Qu’une minorité reste minoritaire n’est pas en soi scandaleux.

S’il y a un vol du vote des Français, la coalition d’extrême droite qui a obtenu le plus de voix des Français et le moins de sièges à l’assemblée n’en est-elle pas la véritable victime ?

On ne peut pas célébrer une victoire de la démocratie lorsqu’une coalition minoritaire obtient le plus grand nombre de sièges à l’assemblée nationale, grâce à un accord de circonstance et un mode scrutin dénoncé depuis des décennies, et dénoncer un coup de force lorsqu’une coalition un peu moins minoritaire obtient la présidence.

En quoi l’alliance entre Ensemble Pour la République et les Démocrates de Droite serait-elle contre nature, comme le dit André Chassaigne ?

Le NFP n’a-t-il pas passé un accord de désistement au second tour des élections législatives avec ces deux partis, qui lui a permis d’obtenir plus de sièges que les autres formations. Cet accord-là était-il contre nature ? Ces partis ne font-ils pas partie de « l’arc républicain » qui l’a emporté sur l’extrême droite ?

Quelle est la nature de macronisme et du parti qui le représente ? Serait-il de gauche et aurait-il dû voter en faveur du candidat communiste ? Mais alors pourquoi dénoncer sa politique « néo-libérale » favorable aux classes les plus aisées, etc. ?

Le NFP pourrait-il expliquer quelles sont les divergences politiques réelles entre Ensemble pour le République et la Droite républicaine ? Pour ma part je n’en vois pas et cette alliance me semble au contraire toute naturelle. Mon étonnement tient plutôt au refus de la DR de passer un accord de gouvernement avec les macronistes. Ce refus ne s’explique que par la perspective de la présidentielle à venir et le désir de Laurent Wauquiez de s’y présenter quand E. Macron ne le pourra plus.

Le NFP s’est discrédité par son incapacité à désigner un candidat au poste de premier ministre, malgré des dizaines de réunions depuis le 7 juillet et sa prétention à mettre en œuvre tout son programme malgré son absence de majorité au Parlement.

Il serait temps qu’il essaie de la restaurer en reconnaissant qu’il n’ a pas plus de légitimité à gouverner que les autres coalitions minoritaires et qu’il propose un programme minimum susceptible d’obtenir le soutien d’une partie des autres composantes de l’assemblée nationale. Le reste ne relève que du cirque politicien qui ne distrait que ceux qui en sont les acteurs.

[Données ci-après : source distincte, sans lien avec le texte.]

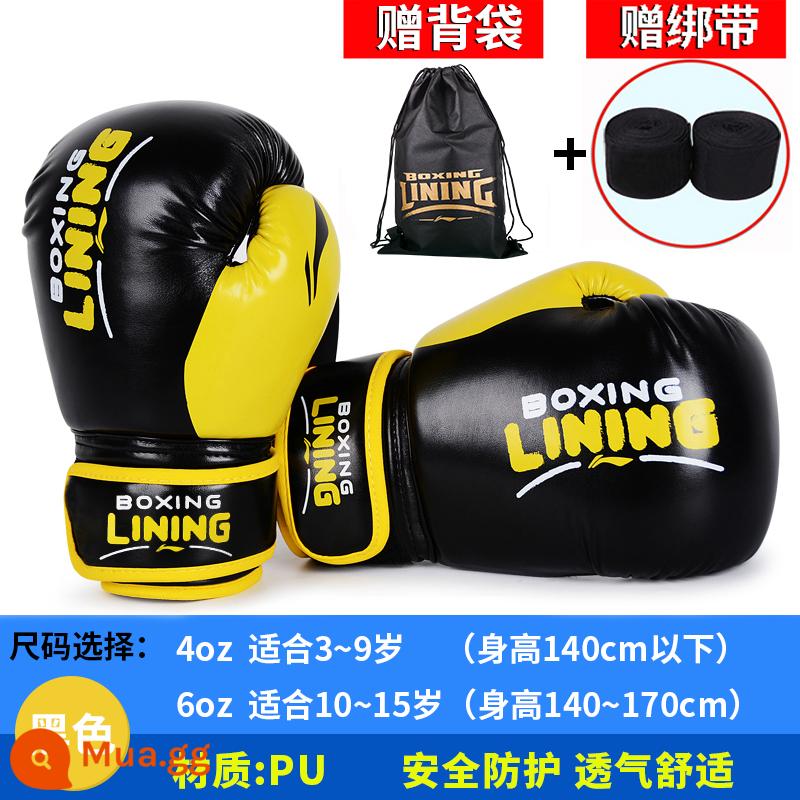 Găng tay đấm bốc trẻ em Li Ning Găng tay đấm bốc cho bé trai đấm trẻ em và bé gái tập luyện Bộ dụng cụ chuyên nghiệp trẻ em Sanda - Đen [Mẫu bảo vệ dày chuyên nghiệp] 3 ~ 15 tuổi (nâng cấp bảo vệ)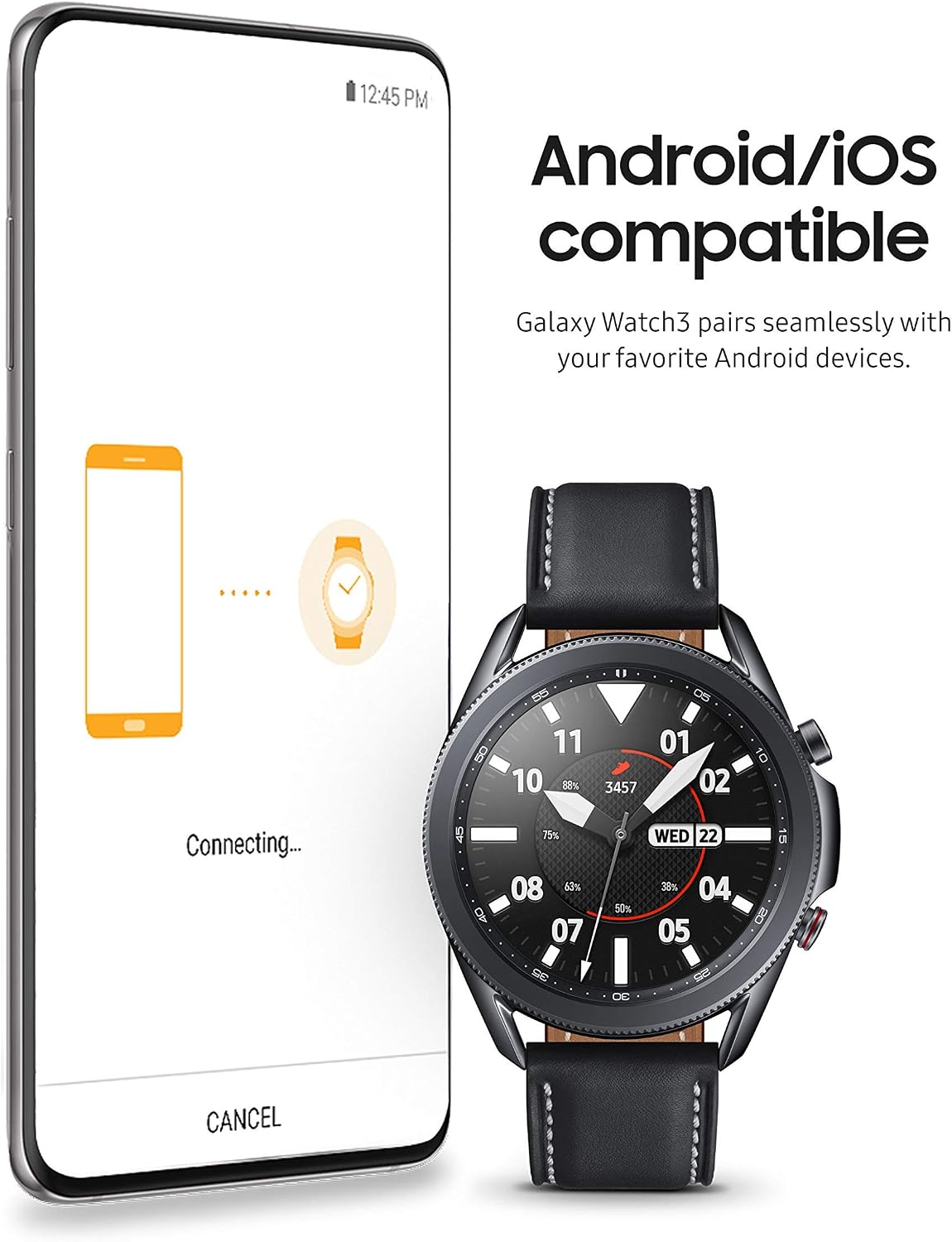 ایگرد | قیمت و خرید Samsung Galaxy Watch 3 (45mm, GPS, Bluetooth, Unlocked  LTE) Smart Watch with Advanced Health monitoring, Fitness Tracking , and  Long lasting Battery - Mystic Black (US Version) (Renewed)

La réélection de Gaël Braun-Pivet ne règle rien. Le nom même du nouveau parti macroniste, EPR, pourrait ne pas lui porter chance et il pourrait connaître les même difficultés de construction et de fonctionnement que le réacteur éponyme de Flamanville, dont nous attendons toujours l’électricité, 17 ans après le début de sa construction.